Problem description>
From the records below, please print only the lines from the one containing "Maternity photo of woman at Red Sands." through the one containing "Chaise de jardin avec table d'appoint Poly", both included. Skip the pictures.

Data under study>

· · · ·

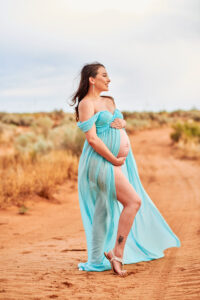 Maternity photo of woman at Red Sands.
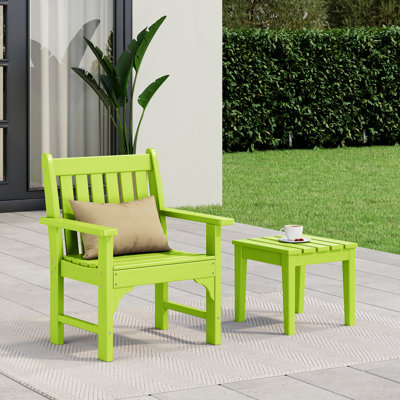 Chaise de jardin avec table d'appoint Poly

· · · ·

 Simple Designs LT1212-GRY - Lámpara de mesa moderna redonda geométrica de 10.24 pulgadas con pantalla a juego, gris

· · · ·

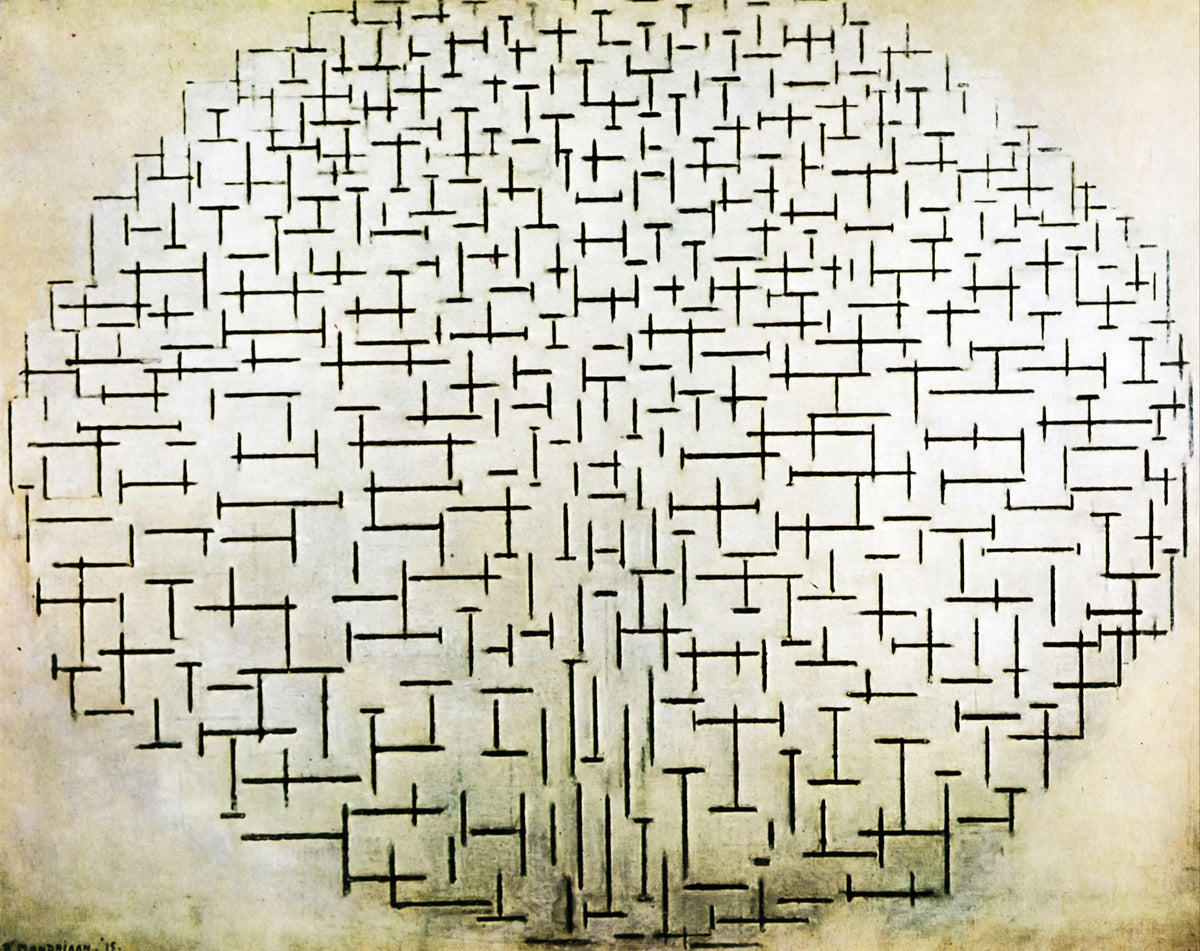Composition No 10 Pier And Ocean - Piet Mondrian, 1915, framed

· · · ·

Written answer>
 Maternity photo of woman at Red Sands.
 Chaise de jardin avec table d'appoint Poly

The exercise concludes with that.